We gave prudent nods. “So she’s desperate.”
Mitchell ignored us. “Can you imagine?” he said. One of his hands began absently to pull at his hair. “She’s a walking worst-case scenario. How does she get out of bed?”
We murmured halfhearted words of concern, but it was too late. We’d lost him. He stood up, shaking his head, and walked out of the dining hall, into the cold night.
Mitchell must have thought about Elsa Bruner often, but I don’t recall that he mentioned her again, and I know he never talked to her until the day of the earthquake. I also know that he never returned to the Student Health Service.
*   *   *
The lecture hall was nearly empty when the two paramedics arrived. Elsa was sitting up in her chair, her hand on her heart. Mitchell’s hand was on his heart too. He was having pains.
“How do you feel?”
She didn’t appear to hear him. There was a quavering, absent curl to her lips. “It happened again.”
She closed her eyes.
“Elsa?”
“I’m only resting,” she said, blinking. “It’s over now.”
She tried to wave the paramedics away, but they ignored her and slapped a blood pressure cuff around her arm. They scanned her student ID into a black machine that resembled a credit card reader. A buzzer sounded and a red light flashed. This seemed to alarm them.

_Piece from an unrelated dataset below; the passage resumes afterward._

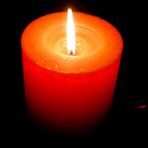 Eine vom Licht durchglühte Kerze zum 3. Advent.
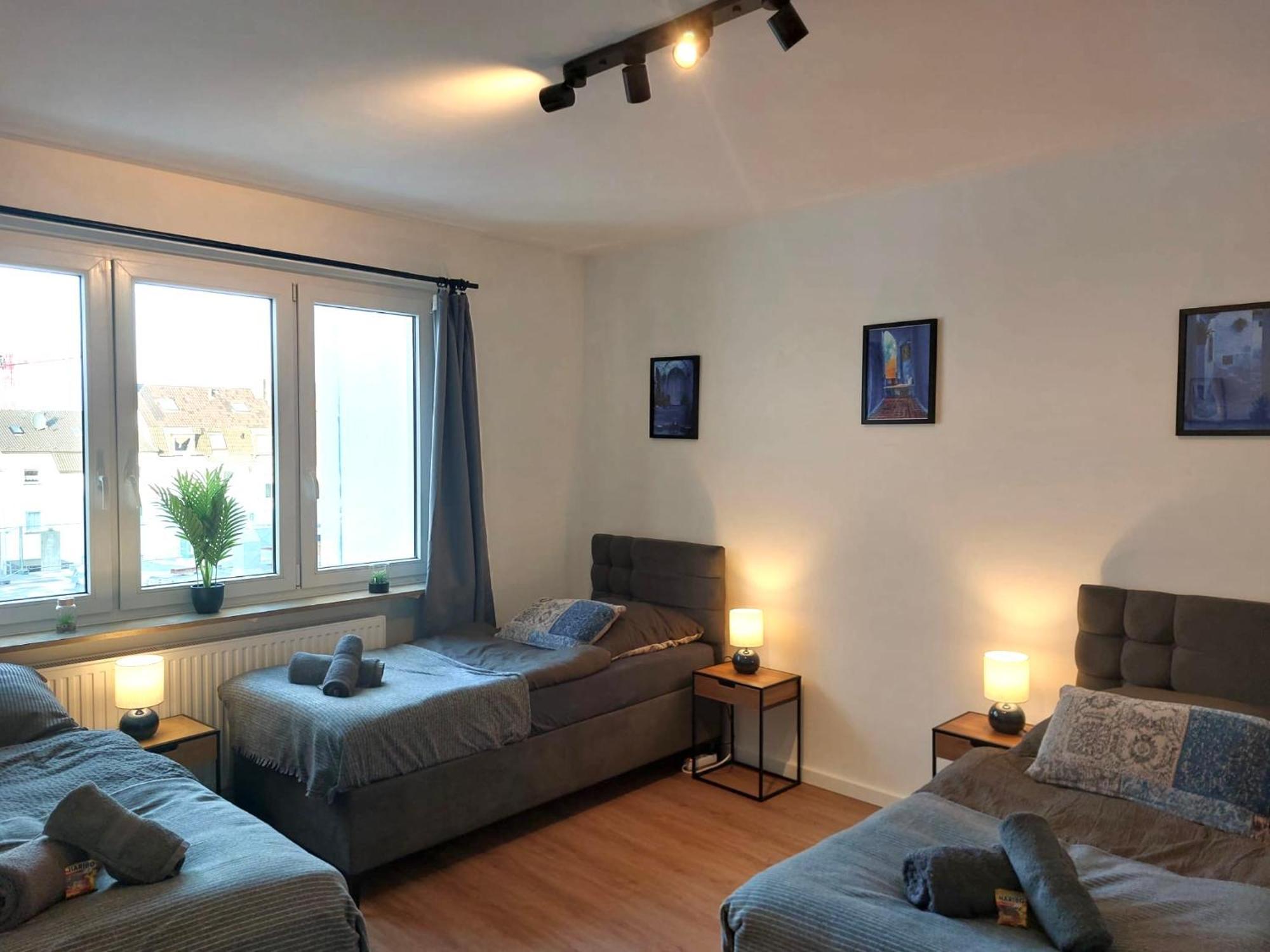 Апартаменти Rtr Essen - Fuer Bis Zu 8 Personen - Voll Ausgestattet - Zentral Limbecker Platz - Messe - Uniklinikum - Smart Tv - Modern Екстер'єр фото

“Ms. Bruner? We need to take you to the hospital. Are you able to walk?”
She nodded and rose stiffly from her seat.
“Do I know you?” she asked Mitchell.
He shook his head and introduced himself.
“I’m sorry you’re … sick.”
“You didn’t do it.” She pointed to her heart. “I did. I did it all by myself.”
The two paramedics, each holding one of her tiny elbows, escorted her from the hall.
On the screen a section of the Alaskan Way Viaduct, clogged with morning commuter traffic, collapsed. The giant concrete slab dropped twenty feet, shattering on the pavement below like a pane of glass. The cars bounced like dice.
*   *   *
When we graduated in June, the panic raised by the Puget Sound earthquake had become part of us. It was slapped across our faces like a birthmark. We were dubbed Generation Seattle. Both the best and the worst suddenly seemed possible. Elsa Bruner, I learned, had dropped out and started a cooperative farm in Maine. Mitchell, like so much of our class after Seattle, moved to New York for a financial consulting job. We fell out of touch. I never saw him again, at least not in the flesh. I wish I could say that we’d been the best of friends, but today I consider myself lucky to have known him at what, I now realize, was a crucial stage in his development.
To tell the truth, I was as shocked as everyone else when I found out what happened to Mitchell Zukor.